Book Review: Ghosts of America by Caroline Hagood

Book cover of Ghosts of America: a picture of a man in shit and white pants looking back at a house. He's carrying a carry-on.
Ghosts of America: A Great American Novel by Caroline Hagood

Ghosts of America: a Great American Novel
Caroline Hagood
Binding: Paperback (10-15-2021)
Publisher: Hanging Loose Press
ISBN-13: 978-1-934909-71-3

Caroline Hagood is a writer, poet, and professor whose debut novel, Ghosts of America, exemplifies these interweaving aspects of her identity. I have known her work and followed her on Twitter. To say I was excited about the publication of her new book is an understatement.    

As a writer, Hagood imbues Ghosts of America with a multiplicity of voices. There is the voice of the protagonist, Norman Roth III, aka “Herzog,” a Vietnam War veteran-turned-writer and professor. He knows the power of narrative, both in terms of how it is used to subjugate others, particularly in the way his-story is created, and how for writers such as himself, narrative is used to entice, use, and abuse women. Herzog ultimately builds his empire (i.e. his writing and academic career) on misrepresenting the women in his books. Because of his self-absorbed and egocentric intelligence as well as his position of power, Herzog’s sexism is the most dangerous kind.
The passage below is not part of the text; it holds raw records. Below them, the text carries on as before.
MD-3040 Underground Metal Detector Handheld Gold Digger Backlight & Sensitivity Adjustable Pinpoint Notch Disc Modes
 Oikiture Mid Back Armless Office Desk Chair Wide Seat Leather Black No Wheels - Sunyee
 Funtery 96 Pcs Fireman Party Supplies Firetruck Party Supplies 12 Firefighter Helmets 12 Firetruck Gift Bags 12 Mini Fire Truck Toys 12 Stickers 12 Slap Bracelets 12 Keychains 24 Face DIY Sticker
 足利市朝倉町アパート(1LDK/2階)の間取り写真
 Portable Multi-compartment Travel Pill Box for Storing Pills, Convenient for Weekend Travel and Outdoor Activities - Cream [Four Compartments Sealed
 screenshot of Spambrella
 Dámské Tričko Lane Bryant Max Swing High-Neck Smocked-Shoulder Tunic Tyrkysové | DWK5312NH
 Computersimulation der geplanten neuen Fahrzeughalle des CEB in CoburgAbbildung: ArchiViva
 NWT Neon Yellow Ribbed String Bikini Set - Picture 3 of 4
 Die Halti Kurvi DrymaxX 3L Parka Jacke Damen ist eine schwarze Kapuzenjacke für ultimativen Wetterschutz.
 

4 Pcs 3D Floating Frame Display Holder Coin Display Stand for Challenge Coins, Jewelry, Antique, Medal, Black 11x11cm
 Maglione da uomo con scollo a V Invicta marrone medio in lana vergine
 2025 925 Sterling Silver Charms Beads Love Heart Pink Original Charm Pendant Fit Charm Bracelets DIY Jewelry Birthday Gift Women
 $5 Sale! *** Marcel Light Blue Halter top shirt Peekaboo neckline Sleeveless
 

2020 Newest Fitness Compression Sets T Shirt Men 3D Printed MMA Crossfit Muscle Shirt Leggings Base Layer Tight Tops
Then there are the voices of the two women whom Herzog wrote about in his books: Jackie Kennedy and Valerie Solanas. They represent the two extremes of womanhood: Jackie is the nation’s darling, the seemingly cherished wife of President Kennedy and beloved mother to his children, “the good woman”; Valerie is the mad woman in the attic, misunderstood, “bad,” on the fringes of society. Both kinds of women are unable to escape the pervading male gaze and misogynistic narrative that is entrenched in our culture.

In Hagood’s writing, however, Jackie and Valerie are given a platform to speak their minds and tell their stories. Their voices take over, haunt, and possess this book. They speak back against Roth and the tradition of men writing about and mis-representing women.

Hagood’s sentences are clean, crisp, and clear. Her voice is smart, at times funny, and always passionate. There is a strong poetic sensibility to her storytelling. Images abound, both beautiful and haunting.

Take, for instance, this scene where Jackie Kennedy is sitting next to her husband’s coffin as a caravan of C.I.A. vehicles makes its way to Air Force One:

“I sat next to Jack’s coffin, not wanting to leave him alone, even though he was already gone. It didn’t feel that way. I felt like he was sitting next to me, though another part of me knew otherwise. But the two parts refused to speak to each other.”

This is a haunting image of grief and trauma, where the self is split psychologically in two, broken by the violence of the world, unable to reconcile with a painful reality.

Not only is Jackie’s pain made visible, her dreams and aspirations are also made palpable in Hagood’s conjuring hands.

When Jackie speaks, we listen. Her voice is the loudest in this novel. She tells Herzog (and by extension, us) that she wants to be a photographer, not a photograph; a writer, not the subject of someone else’s writing; a person, not “a stock to be traded, property.” She doesn’t want to be someone’s wife, trapped in domesticity. “I wanted to inhabit a larger sphere than mere womanhood…I even considered joining the CIA.” In short, she wants to be the architect of her own life.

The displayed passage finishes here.